***** Records shown *****

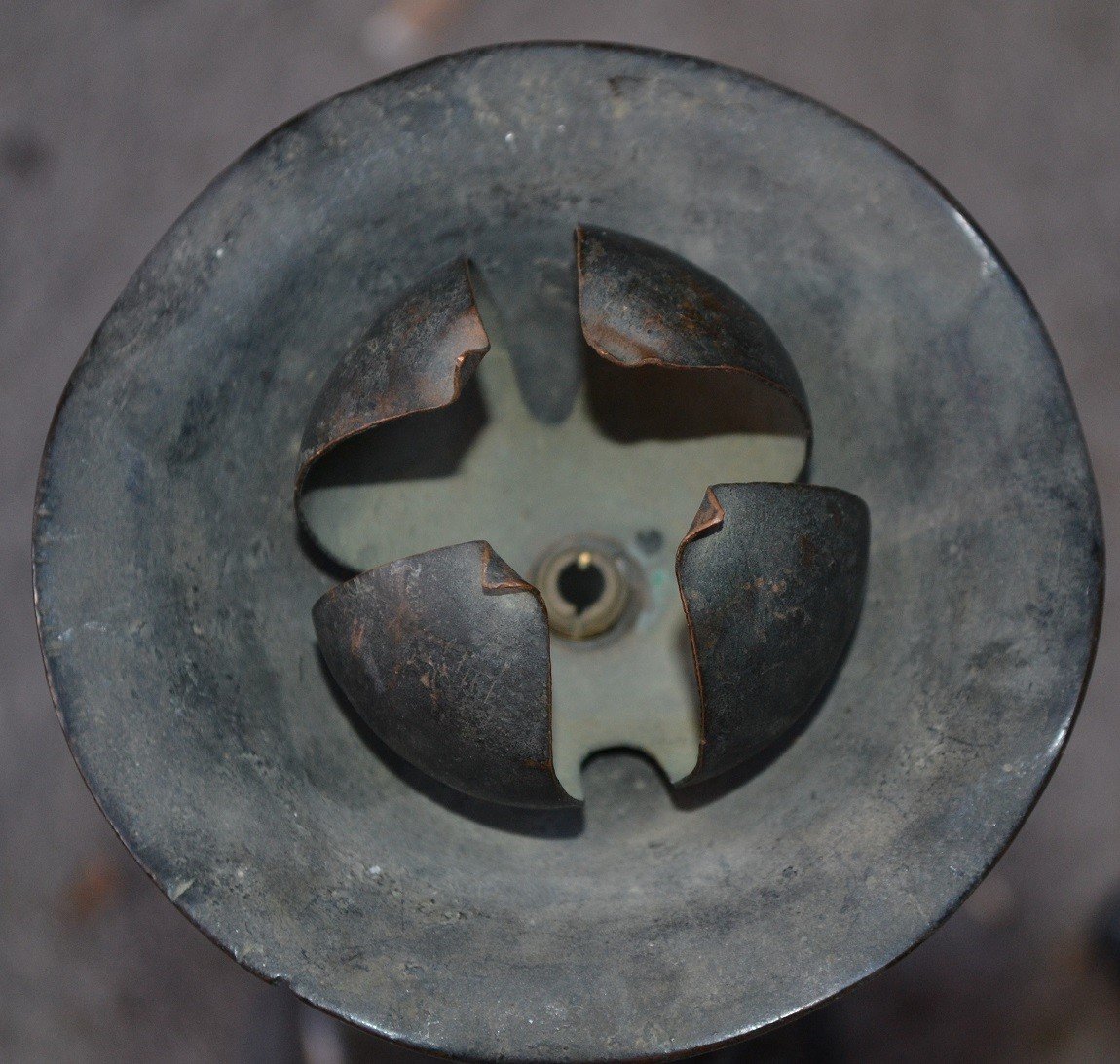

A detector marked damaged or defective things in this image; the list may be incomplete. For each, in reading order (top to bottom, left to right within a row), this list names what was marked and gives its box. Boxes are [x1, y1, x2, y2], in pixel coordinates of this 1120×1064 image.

rusted metal blade [293, 257, 490, 548]
broken metal edge [293, 258, 490, 562]
rusted metal blade [578, 222, 815, 459]
broken metal edge [578, 222, 815, 467]
broken metal edge [314, 541, 578, 806]
rusted metal blade [316, 541, 578, 806]
rusted metal blade [672, 484, 864, 784]
broken metal edge [667, 484, 869, 784]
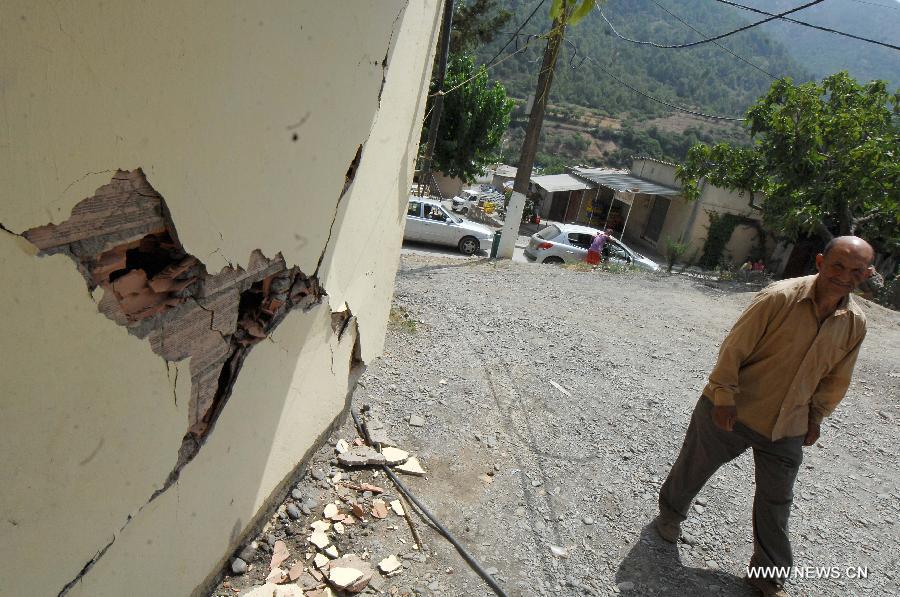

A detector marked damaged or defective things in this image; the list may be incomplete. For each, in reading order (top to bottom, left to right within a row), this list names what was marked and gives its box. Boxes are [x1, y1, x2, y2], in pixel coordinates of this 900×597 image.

damaged building wall [0, 2, 440, 592]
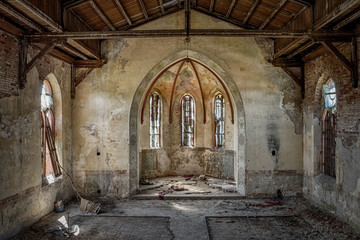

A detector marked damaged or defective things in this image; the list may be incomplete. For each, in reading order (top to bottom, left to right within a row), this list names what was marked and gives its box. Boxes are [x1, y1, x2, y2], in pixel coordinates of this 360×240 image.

peeling plaster wall [0, 31, 73, 238]
peeling plaster wall [71, 10, 302, 199]
peeling plaster wall [304, 42, 360, 232]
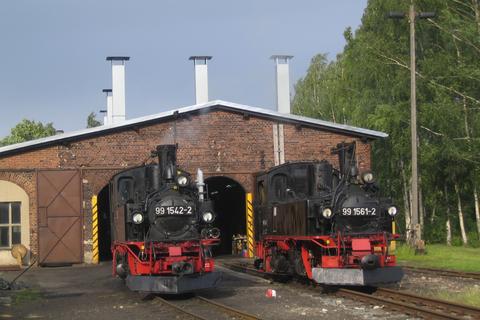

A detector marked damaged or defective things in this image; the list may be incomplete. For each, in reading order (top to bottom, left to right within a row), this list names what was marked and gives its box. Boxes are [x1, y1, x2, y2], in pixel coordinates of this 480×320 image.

rusty metal door [37, 170, 82, 264]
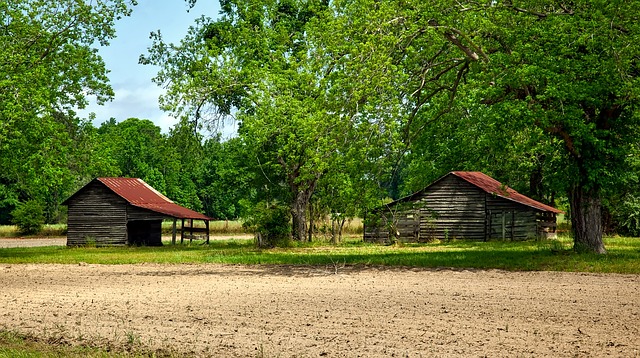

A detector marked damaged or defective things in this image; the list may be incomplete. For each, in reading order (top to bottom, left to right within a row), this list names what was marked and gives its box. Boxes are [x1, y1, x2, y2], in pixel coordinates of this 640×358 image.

rusty red metal roof [97, 177, 211, 221]
rusty red metal roof [452, 172, 564, 214]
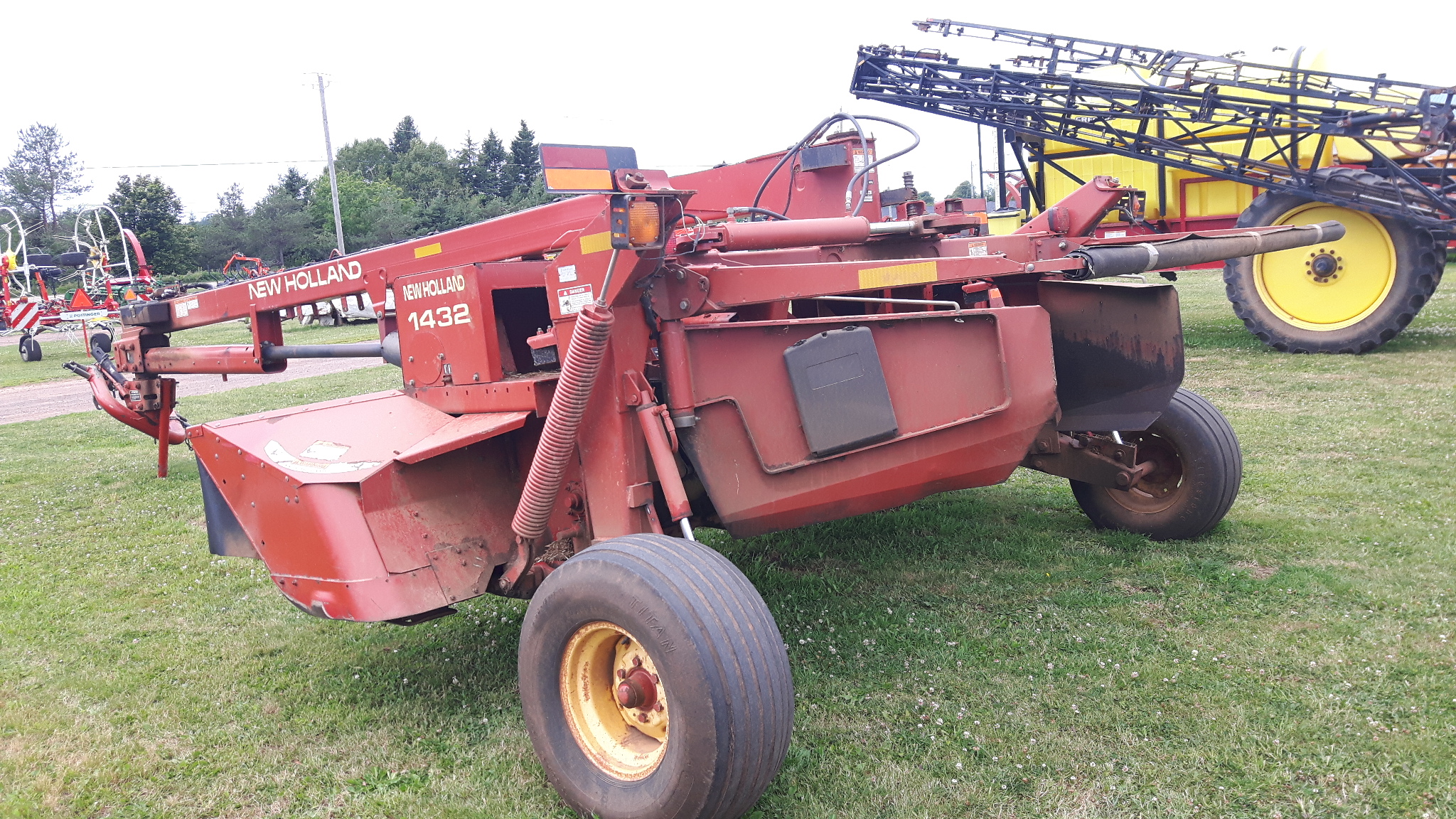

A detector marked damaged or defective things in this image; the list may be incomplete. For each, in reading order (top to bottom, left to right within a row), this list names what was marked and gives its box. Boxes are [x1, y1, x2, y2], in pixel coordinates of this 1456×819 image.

rusty metal surface [1037, 279, 1182, 431]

*****

Required action: Copying begins at the line that holds "this 1456×819 image." and ends at the last line of the data above, with both included and each line kept exactly.

Response for this exercise:
A detector marked damaged or defective things in this image; the list may be incomplete. For each, in reading order (top to bottom, left to right within a row), this list names what was marked and gives its box. Boxes are [x1, y1, x2, y2], in pixel coordinates of this 1456×819 image.

rusty metal surface [1037, 279, 1182, 431]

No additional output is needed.